This is: Chilling Out on Phu Quoc (2018)
I arrived at the VIE Hotel, an MGallery by
Sofitel, around 1845 local time. Bruce was seated in the lobby and
spotted me immediately. He had left home in Bristol very early on
Thursday morning to travel first on KLM Royal Dutch Airlines to
Amsterdam, then on Garuda Indonesia to Jakarta and onwards to
Bangkok. He had already spent one of his two nights in the Thai
capital. In contrast, I had left home in Edinburgh on Thursday
afternoon, but only to go as far as Bristol, where I spent the night
in Bruce's otherwise empty flat! My own intercontinental journey
began the following afternoon with relocation to London Heathrow,
and continued with an overnight Thai
Airways flight to Bangkok. Now, on Saturday
evening, the team was together once again.
After I had briefly settled into the impressive one-bedroom suite that Bruce was already occupying, we headed out along the Phayathai Road and Rama I Road to the nearby Siam Paragon mall, part of the larger Siam Square shopping development.
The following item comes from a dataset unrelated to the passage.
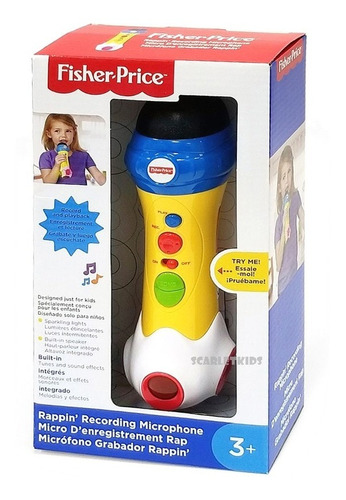 Microfono Graba Y Reproduce Fisher Price Scarlet Kids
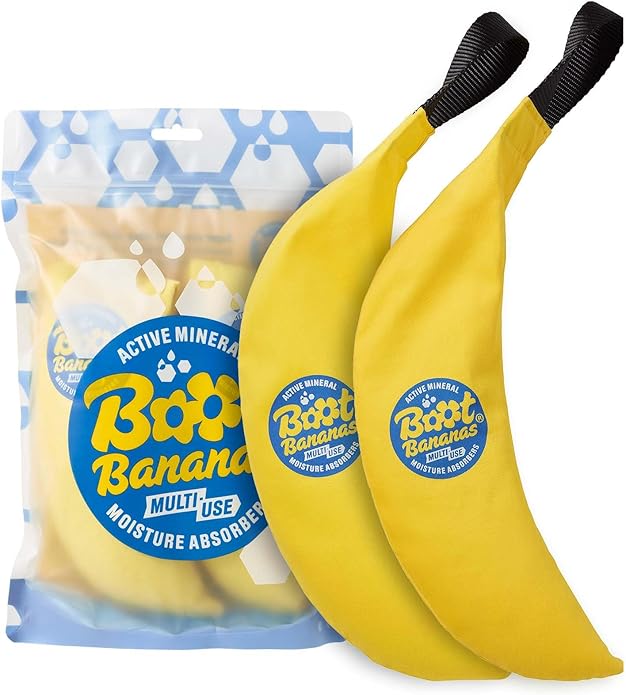 Boot Bananas Shoe Moisture Absorber | Long-Lasting, Reusable Sports Shoe Drying Inserts Without Heat or Electricity | Eco-Conscious | Drys Footwear in 4 to 6 Hours | 1 Pair by BootBananas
As we walked along, I thought about the changes that had taken place, compared to my earliest memories of the city in 1986: | |
- | the presence of Skytrain, the elevated railway with obtrusive concrete infrastructure that has transformed local |
transport for visitors and locals alike; | |
- | the sleek, modern vehicles on the road, with much less obvious air pollution; |
- | far fewer tuk-tuks, with most surviving examples being either electric or having quiet, modern engines. |
And of course there was one aspect where nothing had changed: in spite of it all, the entire route was choked with heavily congested traffic!
When
we made it to the mall, I was intrigued to see what the food court
would be like. As it turned out, the concept was thoroughly familiar
from Singapore and elsewhere in this continent, and featured the
same marked contrast with western equivalents. In Europe and North
America, mall food generally has a downmarket feel. In SE Asia (and
Japan), it is excellent. In this instance, the payment method was
surprisingly clunky: you had to load cash onto an electronic card
supplied by the mall, use this to pay and then refund any unused
amount. I daresay contactless credit and debit cards will catch on in
due course, but it did seem a little surprising that they hadn't
done so already.
After wandering back to the hotel along roads that were now considerably quieter, we were conscious of our early start the next morning and decided not to make a late night of it. There would be plenty of opportunities over the next few days to catch up on each other's news.